Turning to the court, the prior said: ‘My lord archbishop, you hear he denies the institutions of holy kirk, and the authority of our holy father the pope. I need not to accuse him any more’.
The court condemned Hamilton to be degraded from the priesthood and handed to the secular power to be burned to death. The sentence was carried out the same day, to prevent any attempted rescue (Hamilton’s brother, Sir James Hamilton, had indeed set out to rescue Patrick by force, but was delayed by a storm in the Firth of Forth).
Patrick Hamilton was burned, at noon on 29 February, outside the front entrance of St Salvator’s Chapel, St Andrews.
The monks — Campbell foremost among them — gave him opportunity to recant and save his life.
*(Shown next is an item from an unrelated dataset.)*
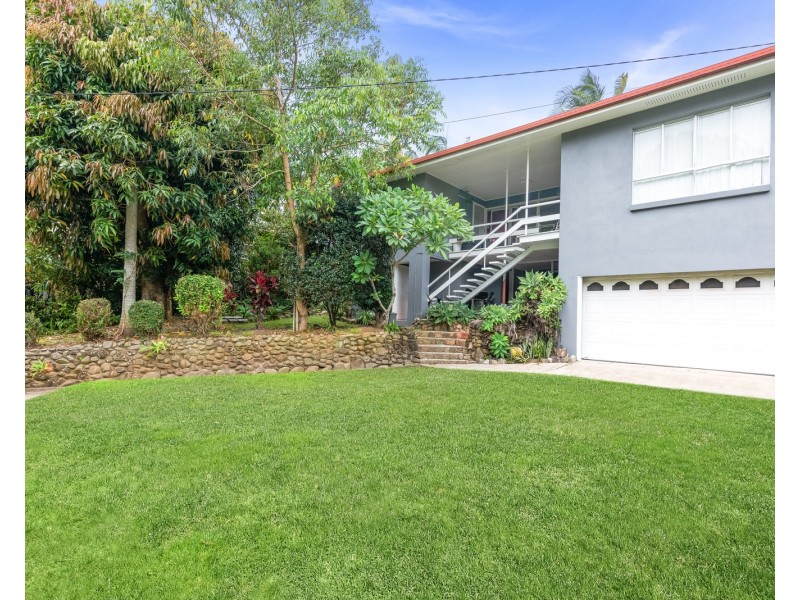 16 Inala Avenue, Tugun QLD 4224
But he replied: ‘I will rather be content that my body burn in the fire for confession of my faith in Christ, than my body burn in hell for denying the same’.
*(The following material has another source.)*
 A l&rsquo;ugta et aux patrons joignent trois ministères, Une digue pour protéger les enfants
Hamilton prayed for mercy for his persecutors, for strength, and for Jesus Christ to be with him in the fire so he wouldn’t deny the faith. He was bound to the stake, with an iron chain round his middle.
Fire was applied to wood mingled with gunpowder and coals, but there was a strong easterly wind blowing and the wood was damp. Although some gunpowder exploded, burning Hamilton’s left hand and cheek, the wood didn’t ignite properly. Three times they tried to light it, but failed.
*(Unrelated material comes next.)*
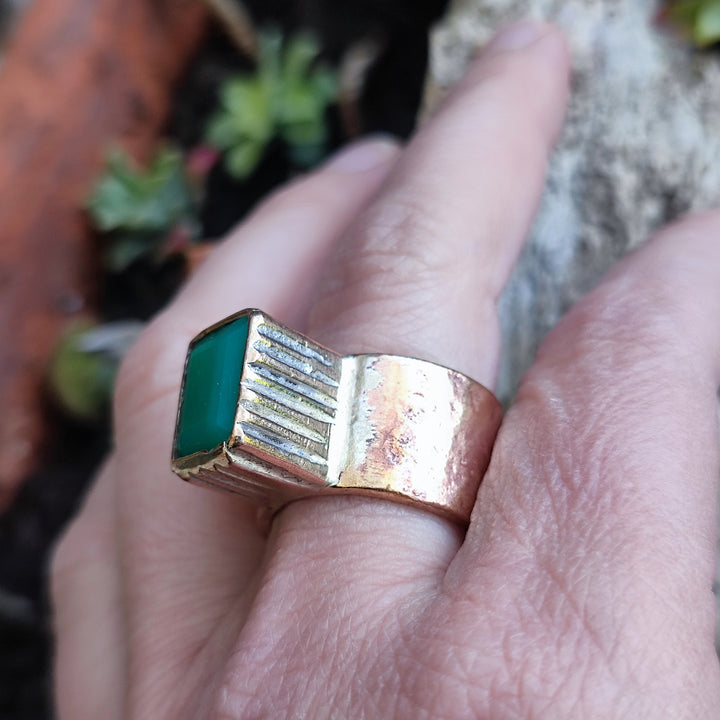 Anello artigianale in bronzo con pietra - DEORI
They fetched dry wood from the castle, meanwhile leaving Hamilton in agony, being pestered by the monks to convert back to Catholicism. ‘Pray to our Lady. Say, “Salve Regina!” [i.e., “save, Queen Mary!”]’, they urged. But he refused and exhorted onlookers with the truth.
As the flames grew fiercer, Hamilton prayed for his widowed mother. By now the iron chain holding him was red hot and eating through the middle of his body. A voice from the crowd called him to give a sign if he still believed in what he was dying for. At this, he raised three fingers of his half-consumed hand and kept them there until he died.
His last words were, ‘How long, Lord, shall darkness overwhelm this kingdom? How long wilt thou suffer this tyranny of men? Lord Jesus, receive my spirit!’ It was six o’clock in the evening before his body was reduced to ashes. The execution process had lasted six agonising hours. ‘But during all that time’, says Alane, ‘the martyr never gave one sign of impatience or anger, nor ever called to heaven for vengeance’.
Though only 24, Patrick Hamilton had been a model of self-control. His gracious behaviour had completely undermined the authorities’ intention. Those watching realised they had witnessed the execution of a martyr, not a heretic.
Appalled and impressed, these witnesses inquired into Hamilton’s beliefs, including reading his treatise Patrick’s Places (see ET, June 2018), and many were converted. One such was Henry Forrest, a Benedictine monk, later sentenced to be burned to death, in 1533.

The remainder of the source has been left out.